WHAT YOU ARE ASKED TO DO: Exactly as written, copy every line from the one containing "Speaker 600 watt" through the end of the records, with the pictures left out.

[Scraped caption text data]

--------

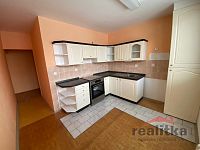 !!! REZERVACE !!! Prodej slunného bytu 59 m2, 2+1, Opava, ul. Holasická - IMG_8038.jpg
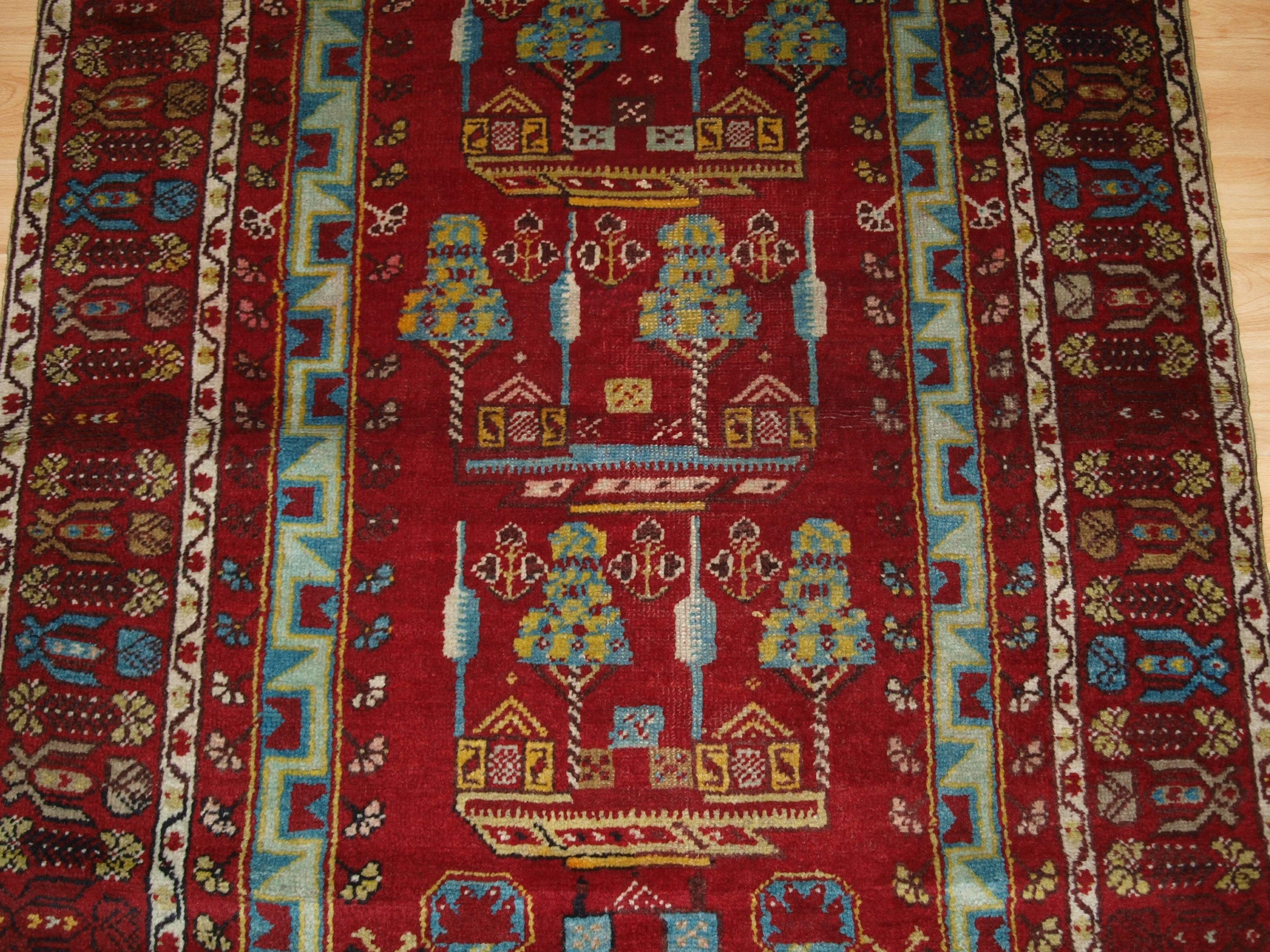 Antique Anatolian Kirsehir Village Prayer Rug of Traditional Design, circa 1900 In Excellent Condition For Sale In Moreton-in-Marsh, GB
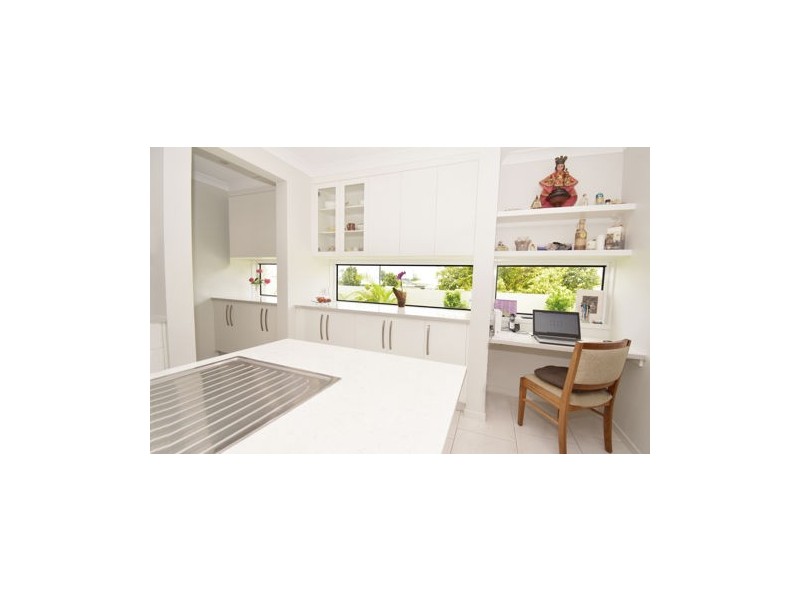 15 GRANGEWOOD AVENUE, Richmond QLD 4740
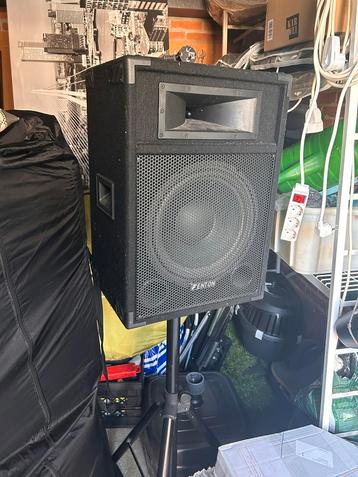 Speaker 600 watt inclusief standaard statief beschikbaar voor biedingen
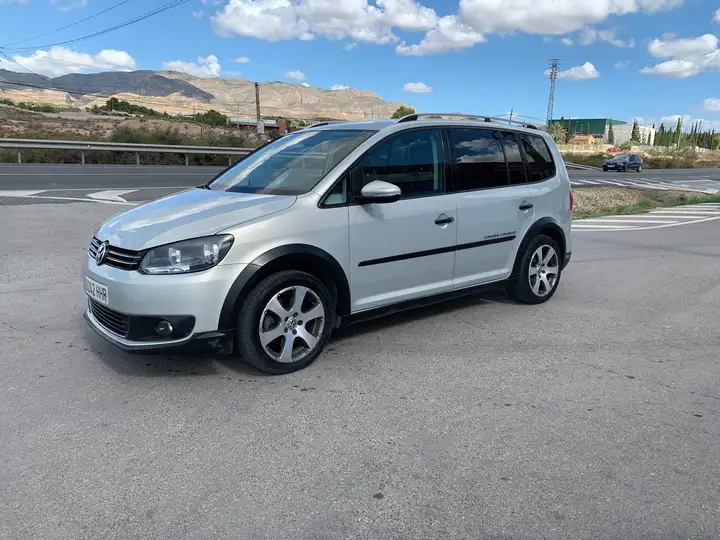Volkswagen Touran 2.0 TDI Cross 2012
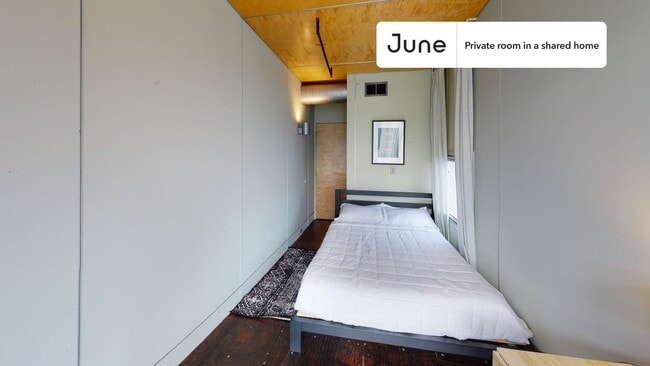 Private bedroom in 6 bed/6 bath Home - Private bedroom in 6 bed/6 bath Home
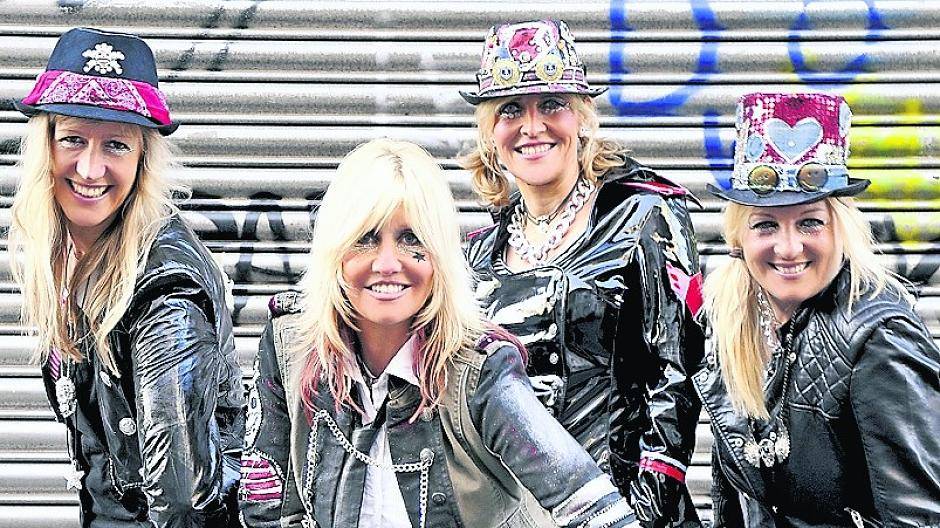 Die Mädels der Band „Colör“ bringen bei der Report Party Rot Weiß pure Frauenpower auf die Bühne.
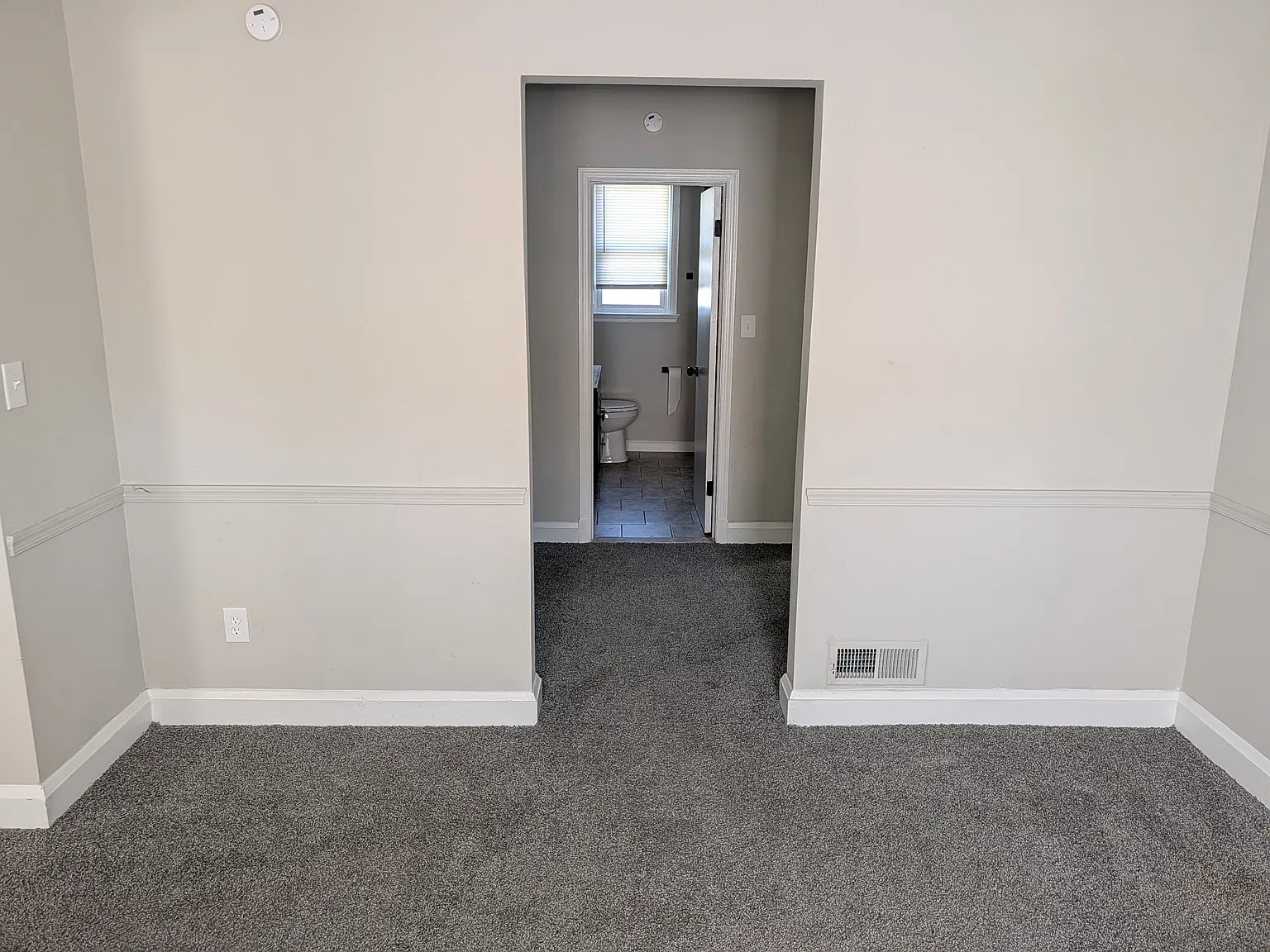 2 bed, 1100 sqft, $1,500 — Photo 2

--------

TASK OUTPUT:
 Speaker 600 watt inclusief standaard statief beschikbaar voor biedingen
Volkswagen Touran 2.0 TDI Cross 2012
 Private bedroom in 6 bed/6 bath Home - Private bedroom in 6 bed/6 bath Home
 Die Mädels der Band „Colör“ bringen bei der Report Party Rot Weiß pure Frauenpower auf die Bühne.
 2 bed, 1100 sqft, $1,500 — Photo 2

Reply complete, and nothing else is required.